Dean of medical education, Mt. Sinai Hospital, New York CityRead the extended interview »
What are [your parents'] expectations of you? Have you had those conversations?
We've had the beginnings of those conversations. ... I think their expectations are very typical and very traditional: none, zero. They don't have any expectations that they'll move in with us. They don't have expectations that we'll have to do anything extra for them. They don't want to be a burden. They'd like to stay independent. So it's typical and it's traditional.

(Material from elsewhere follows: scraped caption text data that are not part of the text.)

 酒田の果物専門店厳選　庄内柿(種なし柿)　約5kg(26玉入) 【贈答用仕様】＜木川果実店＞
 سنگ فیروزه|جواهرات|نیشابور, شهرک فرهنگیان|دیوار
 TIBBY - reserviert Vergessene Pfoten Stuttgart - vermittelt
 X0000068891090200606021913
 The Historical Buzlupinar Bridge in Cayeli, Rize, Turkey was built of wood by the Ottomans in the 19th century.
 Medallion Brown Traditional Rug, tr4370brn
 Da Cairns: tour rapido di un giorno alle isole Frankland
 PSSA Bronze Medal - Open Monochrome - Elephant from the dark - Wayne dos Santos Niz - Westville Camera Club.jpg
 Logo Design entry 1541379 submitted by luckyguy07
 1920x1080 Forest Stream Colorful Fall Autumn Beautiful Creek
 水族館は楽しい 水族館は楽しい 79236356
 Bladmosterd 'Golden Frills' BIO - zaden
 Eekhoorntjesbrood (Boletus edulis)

But I think most children, certainly the children of the patients that we take care of, want to be there, and they feel like it's what they've always wanted to do. In a sense, they pay their parents back for a lifetime of being cared for. But at the same time, parents sense that it means a lot of sacrifice, that it will be a burden, that it will cost money, that it will take time. And that's without even considering the fact that someday they may fall and break a hip; they may become incontinent; they may develop Alzheimer's and become agitated. And what about the kids? And what are people going to say? It goes right back to the question of our culture and society, and what's accepted and what's not accepted.
I don't know anyone in our neighborhood [in New York City] where we live, for example, who have parents who are living with them. I don't even know where all those parents are. ... If you go to different communities, maybe if you go out to the Midwest, maybe if you go to more rural areas, people do tend to stay in a more tightly knit nuclear family, and they do take in their folks, and there are three or four generations sometimes living together in the same home.
Would you feel like a failure if you had to put your parents in a nursing home?
I wouldn't do it, no matter what it took. It's easy for me to say; my wife's not sitting here. But I think she feels the same way about her parents. I can't think of a reason in the world that they would have to go live in a nursing home. I can't think of anything in our lives now that we wouldn't sacrifice for the sake of their being able to stay with us. ... For the sake of being able to stay around and stay together, and [to] send a message to my kids, there's nothing that we wouldn't sacrifice in order to have them be with us.
What message would your children get from that?
The message is, people are important. Has nothing to do with being old; has nothing to do with being Grandma and Grandpa or whatever; doesn't even have anything to do with family. It's just that people are important. And the people who need help the most are the people who are the most important. But it's a hard message to sell to kids in a society that doesn't really believe in that.
Chairman, President's Council on Bioethics 2002-2005Read the extended interview »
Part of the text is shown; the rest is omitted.